Note: --app menubar captures only the menu bar strip; --menubar attempts to find the active popover and OCR its text.

Automatic web focus fallback (Nov 2025)

Modern browsers sometimes keep keyboard focus in the omnibox, which means embedded login forms (Instagram, Facebook, etc.) never expose their AXTextField nodes to accessibility clients. Starting November 2025:

  1. peekaboo see performs a normal accessibility traversal.
  2. If zero text fields are detected, the command locates the dominant AXWebArea (or equivalent) inside the target window and performs a synthetic AXPress.
  3. The traversal runs one more time. If the web view exposes its inputs after gaining focus, they now appear in the JSON output.

This fallback only runs inside the resolved window (it won’t hop between windows) and logs a debug entry when it fires.
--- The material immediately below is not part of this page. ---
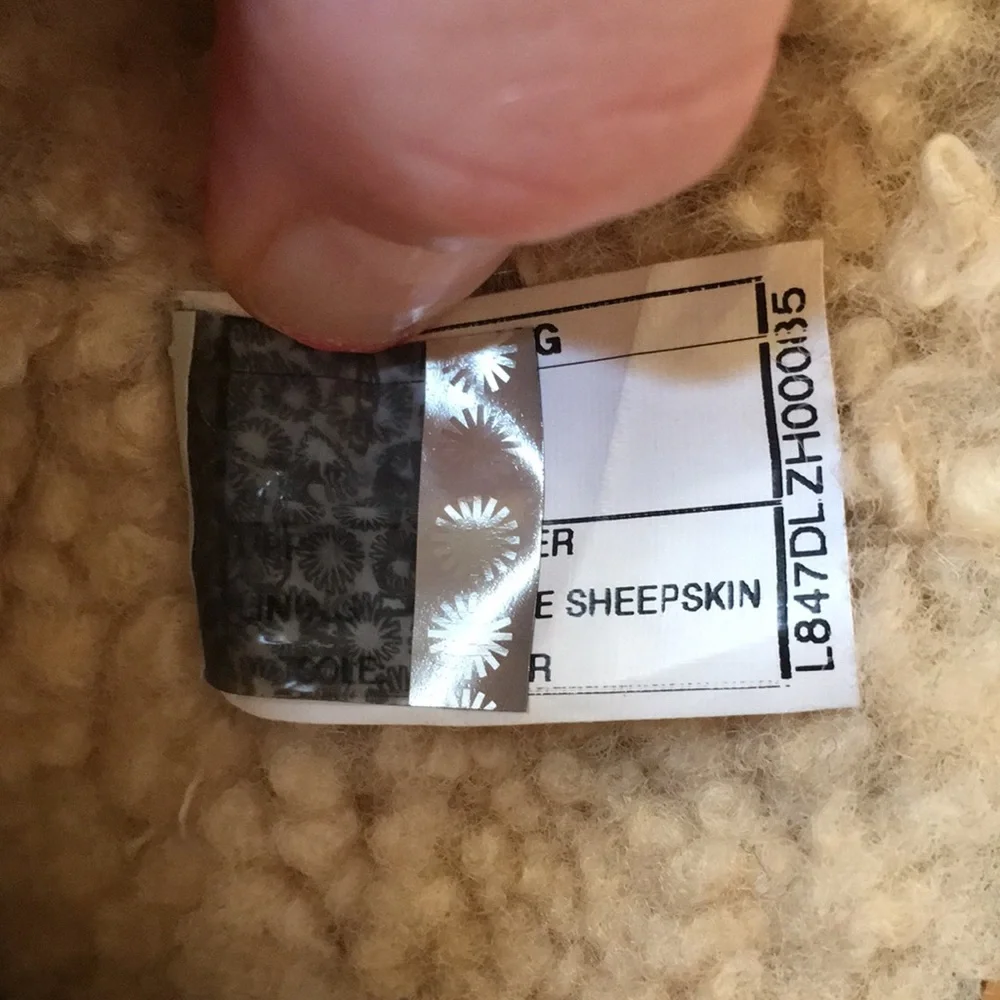 Ugg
If you need to disable it for a specialized flow, run see inside a different window or manually focus the desired element first.

JSON output primer

When --json-output is supplied, the CLI prints:

  • snapshot_id – reference for subsequent click --snapshot … and type --snapshot ….
  • ui_map – path to the persisted snapshot file (~/.peekaboo/snapshots/<id>/snapshot.json).
  • ui_elements – flattened list of actionable nodes (buttons, text fields, links, etc.).
  • interactable_count, element_count, capture_mode, and performance metadata for debugging.
  • Each ui_elements[n] entry now mirrors the raw AX metadata we capture—title, label, description, role_description, help, identifier, and the keyboard shortcut if one exists. That makes Chrome toolbar icons (which frequently hide their name in AXDescription) searchable without relying on coordinates.
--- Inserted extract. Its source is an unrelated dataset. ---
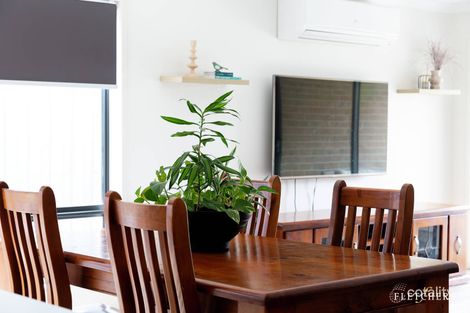 Property photo of 35 Windermere Parade Doreen VIC 3754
Use jq or any JSON parser to find elements:

polter peekaboo -- see --app "Safari" --json-output \
  | jq '.data.ui_elements[] | select(.label | test("Sign in"; "i"))'

# Toolbar buttons that only expose AXDescription:
polter peekaboo -- see --app "Google Chrome" --json-output \
  | jq '.data.ui_elements[] | select((.description // "") | test("Wingman"; "i"))'

Troubleshooting tips

  • If the CLI reports blind typing, re-run see with --app <Name> so we can autofocus the app before typing.
  • Missing text fields after the fallback usually means the page is shielding its inputs from AX entirely; in that case rely on the Browser MCP DOM or image-based hit tests.
  • For repeatable local tests, run RUN_LOCAL_TESTS=true swift test --filter SeeCommandPlaygroundTests to exercise the Playground fixtures mentioned in docs/research/interaction-debugging.md.
  • Rapid repeated see calls for the same window reuse a short-lived AX cache (~1.5s); wait a beat if you need a fully fresh traversal.
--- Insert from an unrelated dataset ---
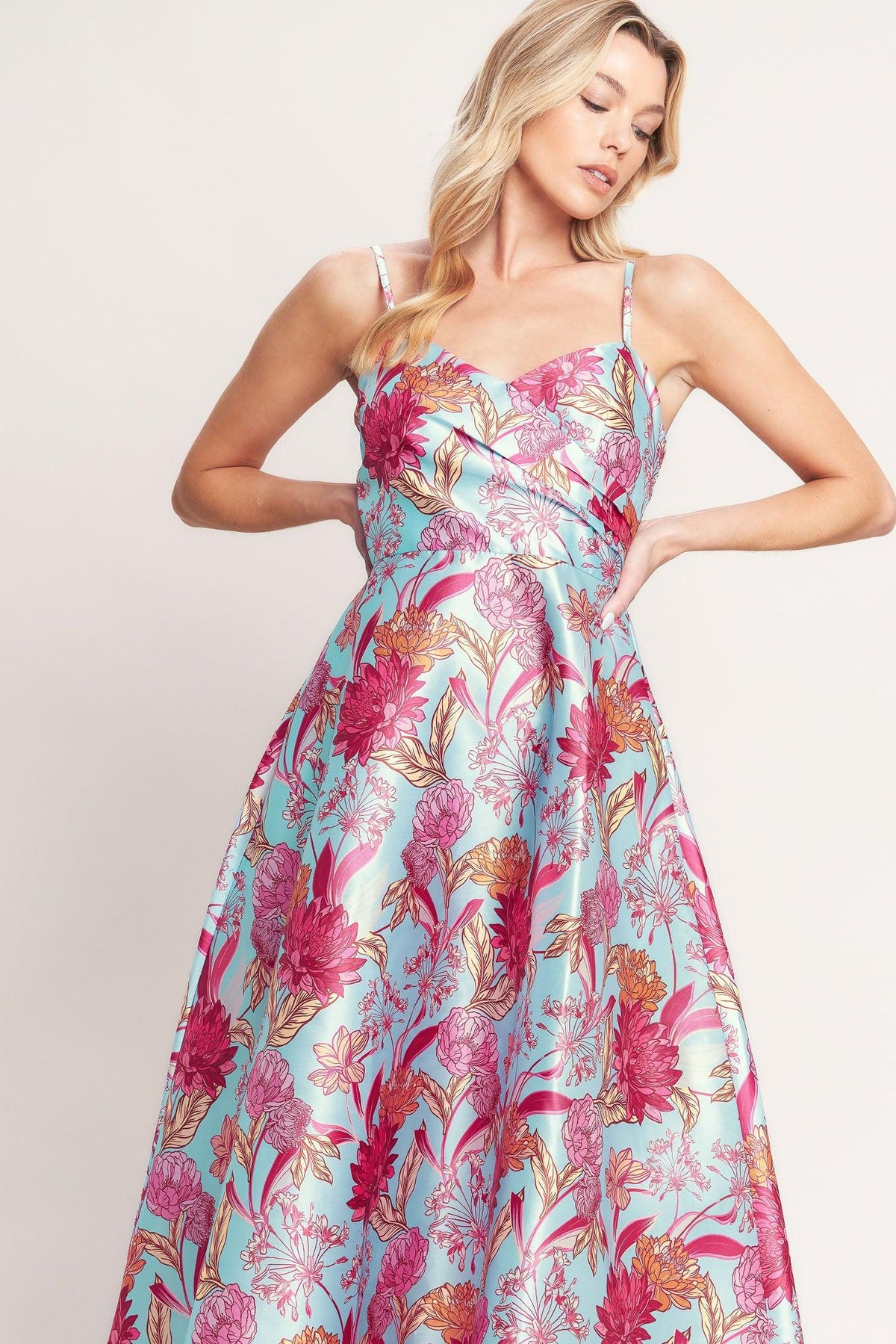 VESTIDO MIDI TEJIDO ELEVATED GARDEN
Smart label placement (--annotate)

  • The SmartLabelPlacer generates external label candidates (above/below/sides/corners) for each element, filters out overlaps/out-of-bounds positions, then scores remaining spots via AcceleratedTextDetector.scoreRegionForLabelPlacement to prefer calm regions. Internal placements are a last-resort fallback.
  • Edge-aware scoring samples a padded rectangle (6 px halo, clamped to the image) so the chosen region stays clean once text is drawn; above/below placements get slight bonuses to reduce sideways clutter.
  • Preferred orientations nudge horizontally tight elements toward vertical labels when scores tie.
  • Tests: Apps/CLI/Tests/CoreCLITests/SmartLabelPlacerTests.swift (run with swift test --package-path Apps/CLI --filter SmartLabelPlacerTests).
  • Manual validation: polter peekaboo -- see --app Playground --annotate --path /tmp/see.png --json-output then inspect the annotated PNG; if labels cover dense UI, capture the repro and adjust padding/scoring before committing.